__Task goal__. Return exactly the lines from the one containing "Kitchen Degreaser Handheld" through the end of the material below, and leave the images out.

__Data extract__.
►

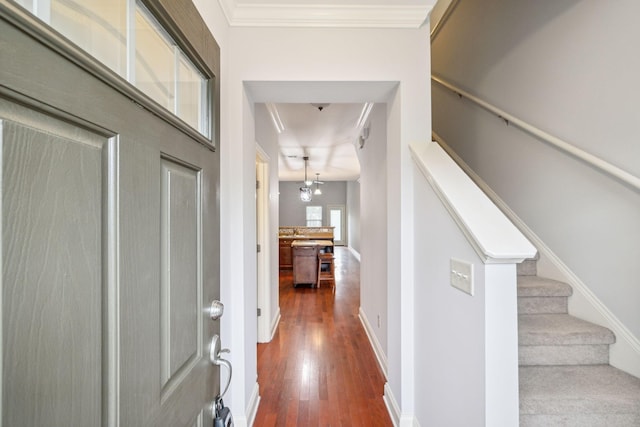 735 Tulip Grove Rd Unit 325, Hermitage, TN 37076 - foyer featuring wood finished floors, stairs, baseboards, and ornamental molding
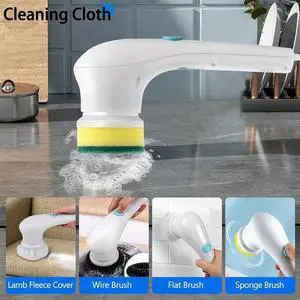 Handheld Electric Cleaning Brush, Cordless Rechargeable Scrubber with 5 Heads, Bathroom Tile & Kitchen Degreaser Handheld Electric Cleaning Brush, Cordless Rechargeable Scrubber with 5 Heads, Bathroom Tile & Kitchen Degreaser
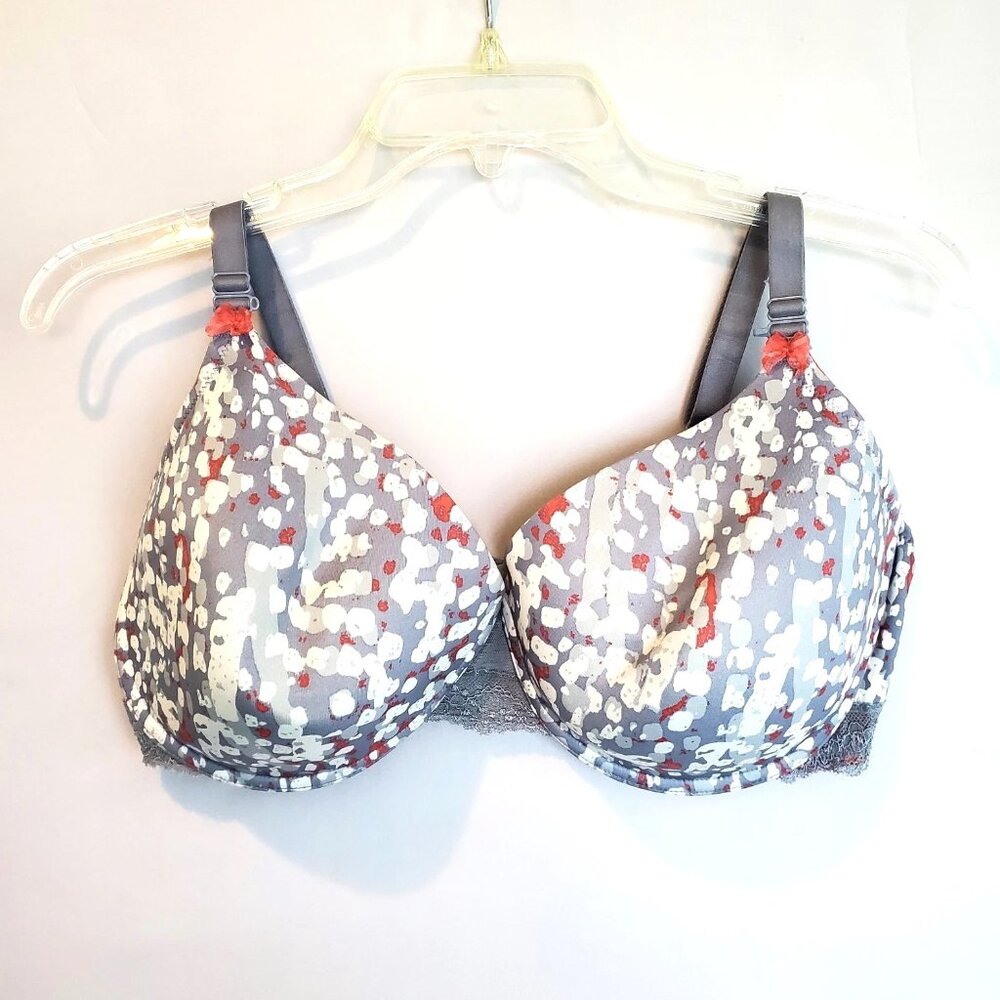 Modern Movement Women's Bra 40DD Molded Cross-back T-shirt Bow Gray Red Abstract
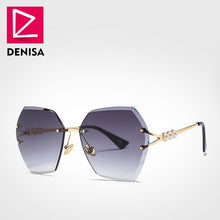 Load image into Gallery viewer, DENISA 2019 Square Rimless Pearl Sunglasses Retro Women Brand Designer Trendy Gradient Polygon Sun Glasses Female UV400 G23023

◄

__Problem solution__.
 Handheld Electric Cleaning Brush, Cordless Rechargeable Scrubber with 5 Heads, Bathroom Tile & Kitchen Degreaser Handheld Electric Cleaning Brush, Cordless Rechargeable Scrubber with 5 Heads, Bathroom Tile & Kitchen Degreaser
 Modern Movement Women's Bra 40DD Molded Cross-back T-shirt Bow Gray Red Abstract
 Load image into Gallery viewer, DENISA 2019 Square Rimless Pearl Sunglasses Retro Women Brand Designer Trendy Gradient Polygon Sun Glasses Female UV400 G23023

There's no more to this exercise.